Exhumer le passé colonial belge : jusqu’où sommes-nous prêts à creuser ?

Après avoir amorcé l’examen de son passé colonial dans la région des Grands Lacs, la Belgique pourrait devenir l’une des figures de proue européennes du travail de mémoire. Toutefois, la pacification des mémoires restera un vœu pieux sans une véritable réappropriation du débat par les citoyen·ne·s.

La Commission spéciale chargée d’examiner le passé colonial de la Belgique a fait les premiers pas vers une réconciliation des mémoires, mais le plus important reste à faire.

Du Canada au Royaume-Uni, en passant par l’Espagne, le Portugal, les Pays-Bas, la France, l’Allemagne jusqu’au Danemark, le débat sur le passé colonial et la possible réparation des peuples autochtones sont à l’ordre du jour. La Belgique a été, elle aussi, entraînée par le souffle du vent du changement. Elle avance d’un pas lent, mais ferme.

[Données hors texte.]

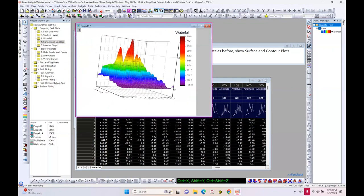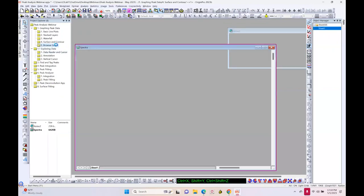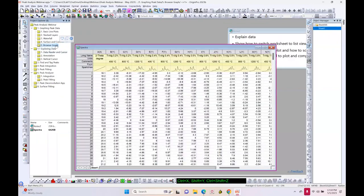One more plot type I'd like to show is called the browser graph — introduced in recent versions. Let me check the chat window quickly. My colleague is helping to answer questions.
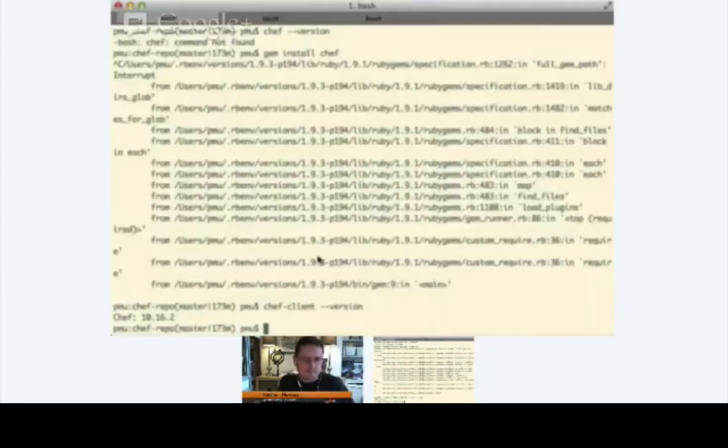There aren't really any compatibility issues that we need to be concerned with, but just as a matter of course, why don't we go ahead and update the Chef version on your Vagrant instance so that they're both in line and at the same 10.16.2. So, what we're going to do, we'll actually use a cookbook to manage the Chef version. Let me do a little screen sharing here again.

Pour rappel, le 17 juillet 2020 la Chambre des représentants a posé un acte fort en créant la Commission spéciale chargée d’examiner le passé colonial de la Belgique en RD Congo, au Rwanda et au Burundi. Cette initiative, saluée par la société civile, s’est inscrite dans le sillage des manifestations antiracistes et des mouvements décoloniaux qui ont marqué l’été 2020 par la controverse opposant partisans et adversaires du déboulonnement des statues à l’effigie du roi Léopold II et du 60e anniversaire de l’indépendance de la République Démocratique du Congo. Tout cela sans oublier, bien sûr, l’expression des « plus profonds regrets » du roi Philippe pour les « souffrances » causées aux Congolais et Congolaises durant la période léopoldienne et puis, au Congo belge.

Certes, ce n’est pas la première fois qu’une commission spéciale est mise en place pour enquêter sur le rôle joué par la Belgique dans la région des Grands Lacs,[1] mais la Commission mémoire coloniale est inédite par son ambition et la complexité de sa tâche. 

Complexe, car elle vise à éclaircir une longue période qui débute en 1885 avec la création de l’Etat indépendant du Congo par le roi Léopold II, en passant par le Congo belge, puis par le rattachement en 1919 du territoire « Ruanda-Urundi » suite au traité de Versailles, jusqu’aux indépendances de 1960 et de 1962. Ambitieuse, car son but ultime est de créer un espace propice au dialogue entre les groupes porteurs des mémoires coloniales et la société belge tout entière, dans le dessein de construire un avenir inclusif, apaisé, reposant sur un passé certes douloureux, mais commun.

Cet été, la Commission a donc soufflé sa première bougie et la durée de son mandat, irréaliste au départ, a été prolongée. Fin octobre 2021, les dix expert·e·s qui composent le comité multidisciplinaire mandaté par le Parlement pour enquêter sur le passé colonial ont rendu officiellement le fruit de leurs analyses et de leur travail historiographique. 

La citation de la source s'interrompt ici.